I told you bro. I fuckin’ warned you.
People have called me “paranoid” for years for pointing out that this kind of thing was going to happen, and it’s so much worse than I thought it would be but at least I’m vindicated.
Tech companies will literally murder or enslave you if they think it would be good for their bottom line. We know that’s true because tech companies are murdering and enslaving people in the global south because it’s good for their bottom line. Stop giving them money. Stop buying wifi-enabled garbage that spies on you for the police state.
Maybe it’s a good thing that people with entirely too much money are being forced to rock their own crying child instead of having a machine do it. Using robots to soothe your child is a Phillip K. Dick-esque dystopia. Obviously a crying child take a huge mental and physical health toll on everyone in a house, but in a country where poor people are being forced to give birth, maybe the rich people should have to suffer a little bit too.

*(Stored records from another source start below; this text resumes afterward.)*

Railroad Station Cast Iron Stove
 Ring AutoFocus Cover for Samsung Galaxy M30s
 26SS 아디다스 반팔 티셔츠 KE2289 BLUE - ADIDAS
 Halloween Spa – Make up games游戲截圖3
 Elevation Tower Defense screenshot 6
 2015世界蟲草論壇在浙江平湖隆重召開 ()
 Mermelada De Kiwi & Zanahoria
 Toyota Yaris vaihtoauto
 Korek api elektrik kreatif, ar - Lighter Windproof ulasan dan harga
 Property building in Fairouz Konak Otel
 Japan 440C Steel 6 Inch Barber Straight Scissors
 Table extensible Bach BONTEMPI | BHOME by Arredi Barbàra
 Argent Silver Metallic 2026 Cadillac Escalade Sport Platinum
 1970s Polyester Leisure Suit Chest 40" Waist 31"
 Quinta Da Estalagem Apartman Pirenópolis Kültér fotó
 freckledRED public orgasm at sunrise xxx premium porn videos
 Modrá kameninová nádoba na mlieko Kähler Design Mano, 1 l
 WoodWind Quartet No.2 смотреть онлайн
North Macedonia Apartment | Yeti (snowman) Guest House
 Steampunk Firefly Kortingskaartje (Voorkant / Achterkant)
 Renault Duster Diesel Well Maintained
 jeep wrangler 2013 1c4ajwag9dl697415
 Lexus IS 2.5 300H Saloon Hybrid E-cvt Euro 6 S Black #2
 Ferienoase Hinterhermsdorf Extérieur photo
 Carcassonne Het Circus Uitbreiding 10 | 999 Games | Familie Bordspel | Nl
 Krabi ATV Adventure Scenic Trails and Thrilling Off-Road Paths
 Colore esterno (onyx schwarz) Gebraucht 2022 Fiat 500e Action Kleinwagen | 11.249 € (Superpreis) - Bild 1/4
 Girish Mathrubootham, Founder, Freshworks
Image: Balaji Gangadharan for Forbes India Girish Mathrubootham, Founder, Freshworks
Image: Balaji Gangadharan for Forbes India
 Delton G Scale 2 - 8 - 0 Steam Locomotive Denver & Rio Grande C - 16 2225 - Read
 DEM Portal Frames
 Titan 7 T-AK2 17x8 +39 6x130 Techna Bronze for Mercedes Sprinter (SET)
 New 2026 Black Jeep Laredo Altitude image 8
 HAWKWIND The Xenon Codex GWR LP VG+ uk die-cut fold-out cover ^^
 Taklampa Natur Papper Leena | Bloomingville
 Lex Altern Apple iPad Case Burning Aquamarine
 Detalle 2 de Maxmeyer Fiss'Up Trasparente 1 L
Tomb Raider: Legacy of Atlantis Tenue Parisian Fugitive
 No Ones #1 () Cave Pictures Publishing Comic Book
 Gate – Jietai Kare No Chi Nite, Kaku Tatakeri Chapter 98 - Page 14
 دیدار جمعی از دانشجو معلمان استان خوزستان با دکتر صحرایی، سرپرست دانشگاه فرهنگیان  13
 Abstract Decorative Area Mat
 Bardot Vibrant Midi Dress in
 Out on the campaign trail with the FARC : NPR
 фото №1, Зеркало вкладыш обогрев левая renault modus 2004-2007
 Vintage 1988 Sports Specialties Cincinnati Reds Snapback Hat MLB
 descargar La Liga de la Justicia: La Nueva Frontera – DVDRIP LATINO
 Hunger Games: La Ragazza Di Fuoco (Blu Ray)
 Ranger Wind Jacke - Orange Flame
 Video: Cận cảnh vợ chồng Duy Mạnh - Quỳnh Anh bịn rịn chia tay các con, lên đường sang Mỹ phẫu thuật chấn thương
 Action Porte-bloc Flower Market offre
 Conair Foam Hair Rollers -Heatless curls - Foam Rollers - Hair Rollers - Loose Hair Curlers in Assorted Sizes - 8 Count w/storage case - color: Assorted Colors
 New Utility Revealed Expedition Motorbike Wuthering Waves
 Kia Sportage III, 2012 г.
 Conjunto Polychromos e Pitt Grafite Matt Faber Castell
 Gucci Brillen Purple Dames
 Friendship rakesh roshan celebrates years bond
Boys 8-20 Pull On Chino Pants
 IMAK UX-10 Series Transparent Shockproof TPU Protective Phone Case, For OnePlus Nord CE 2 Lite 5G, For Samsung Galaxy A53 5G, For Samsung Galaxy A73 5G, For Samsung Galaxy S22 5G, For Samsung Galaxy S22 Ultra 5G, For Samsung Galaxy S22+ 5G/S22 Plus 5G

Just another company taking part in the worldwide subscription model scam.
Here’s another one: LynkD. I have a few of their NFC padlocks. They’re not particularly well made, nor are they particularly secure, but they’re convenient and I like them to secure low-importance things like my gym locker or the shed at the back of my garden.
I wanted to buy more. LynkD informed me that the padlocks now require a subscription. It’s even written at the bottom of the product page:
Membership to these platforms costs $15/Month + $5/Device + $5/User with the first user free. An active membership is required in order to use this device.
Yes, you read that right: a fucking PADLOCK now requires a subscription.
The mind boggles…
Not only a subscription but one at an absolutely rip off price. Flat. Monthly cost, PLUS per device PLUS per user fees?
They’re going for property managers who can claim expenses.